Beginning in Stillness
If you’re living, do something, my mind whispered, as I studied the tub’s diverter valve. What 13-year-old thinks of taking a bath? It continued. But my body was craving a blanket made of warm standing water. It was exhausted and grateful. Exhausted from fighting peer pressure but grateful because I knew my borders — what/how things could enter my body — and what didn’t belong in my body (thoughts, drugs, or otherwise!).
My specific story isn’t relevant, because what type of adolescent peer-pressure doesn’t involve the body? What is relevant is that once in a while the unofficial mantra, If you’re living, do something, still visits me. And gets me moving. And moving always leads to making connections.
After enough time lounging in the same position on the couch, much like staying still in the water, I choose to get up and move. Re-energize and calm myself from stress, from thinking ahead. One of the current thoughts being, I should finish reading my book first.

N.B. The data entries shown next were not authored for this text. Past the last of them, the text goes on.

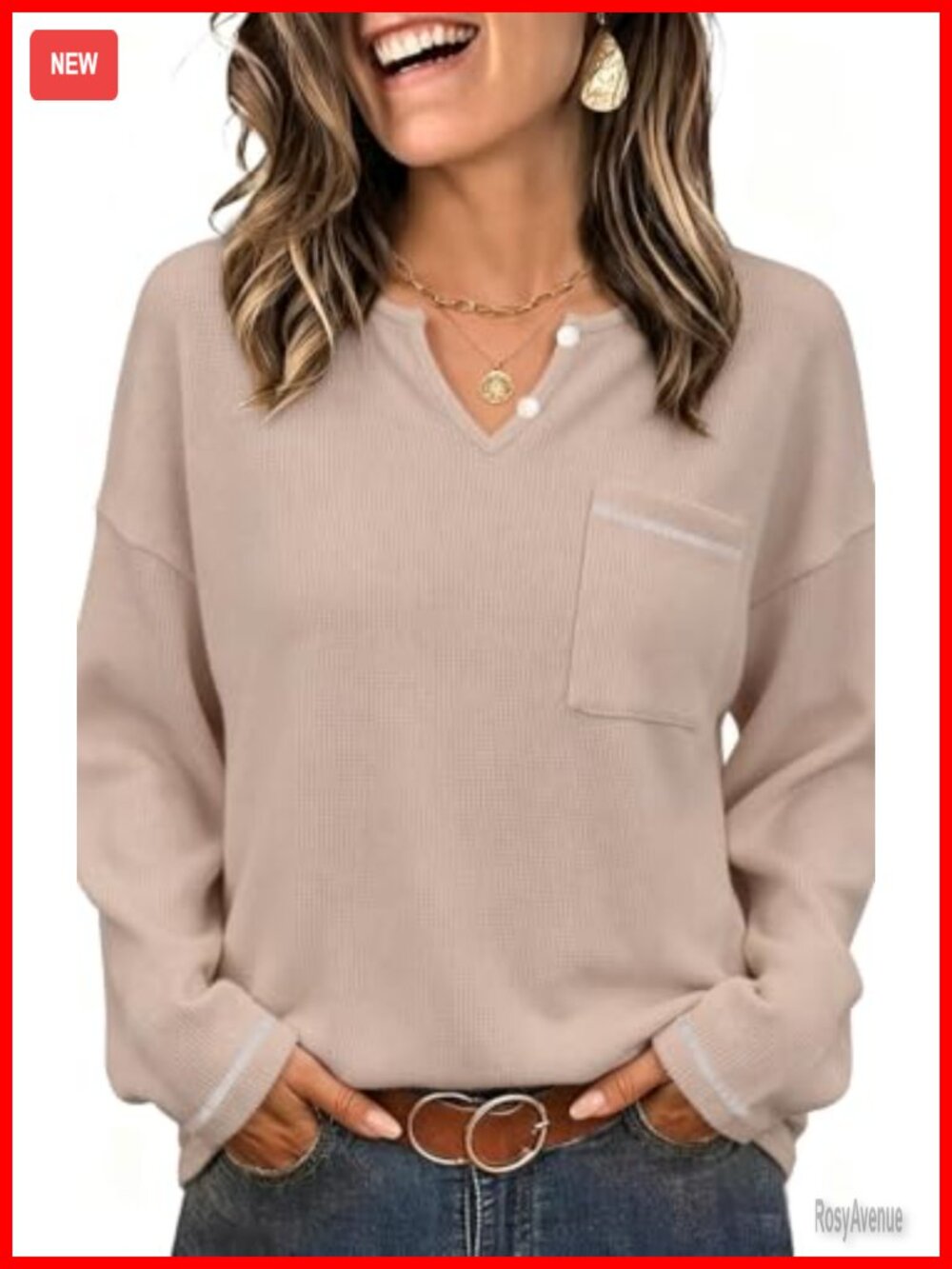 Fashionme Waffle Knit Long Sleeve V-Neck Tunic Top Relaxed Fit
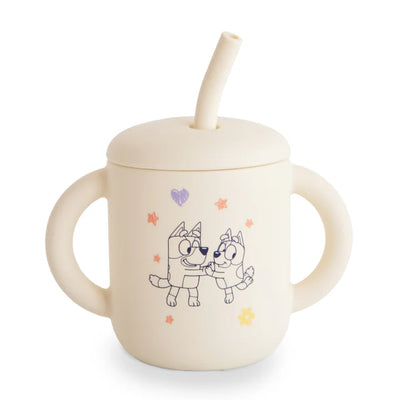 Mushie Silicone Training Cup + Straw Bluey Ivory
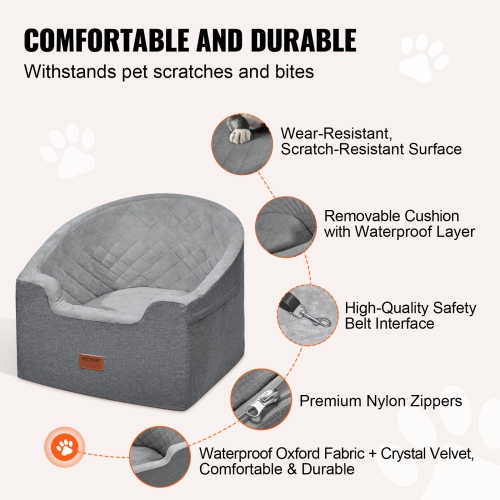 VEVOR 55lbs Dog Car Seat, Waterproof Dog Booster Seat for Car with A Storage Pocket, Clip-On Safety Leash and Sponge Filling, Dog Car Bed for Small &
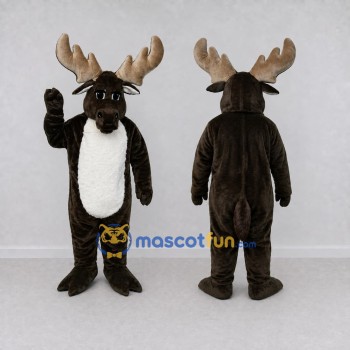 Custom Dark Brown and White Moose Mascot Costume Adult Full Body Suit for Wildlife Events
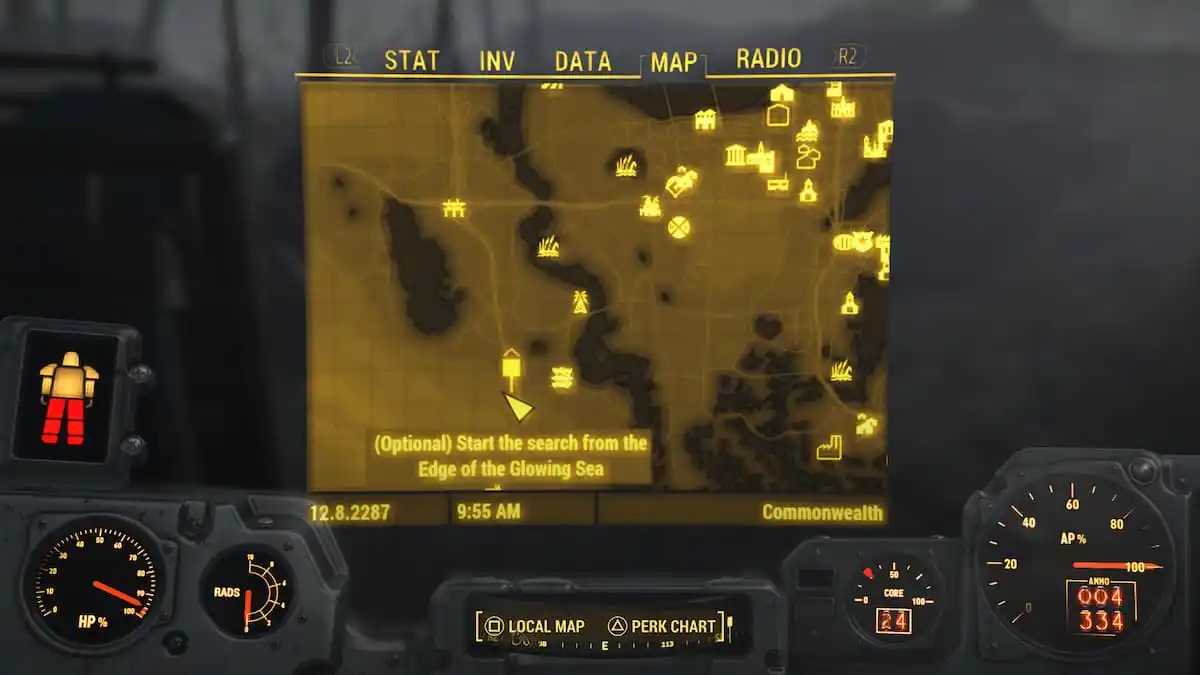 An in game image of the map from Fallout 4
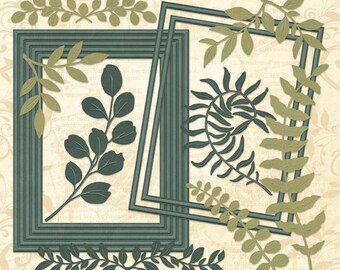 Graphic 45 Rectangle Frames with Ferns & Foliage Die Set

But I get going. I get going because my heart’s been beating fast and my breath’s shallow from the screaming neighbors and from pressuring myself to meet my “steps quota” for the day. But I know better. I know that I need to just take it one step at a time. So I choose to practice walking meditation along the sidewalks.
Finding My Pace
Thich Nhat Hanh’s phrase “I have arrived” plants my left heel on the pavement. The right heel follows after its own phrase, “I am here.” Each foot switches from inhale to exhale. By habit, I power walk many steps and lose the phrasing. But yes! I’m getting my initial stress out, emptying my fast heartbeats out into the universe. Hanh’s teaching comforts me because he believes that while walking, we return home. Home is where running stops. And we can give ourselves permission to stop.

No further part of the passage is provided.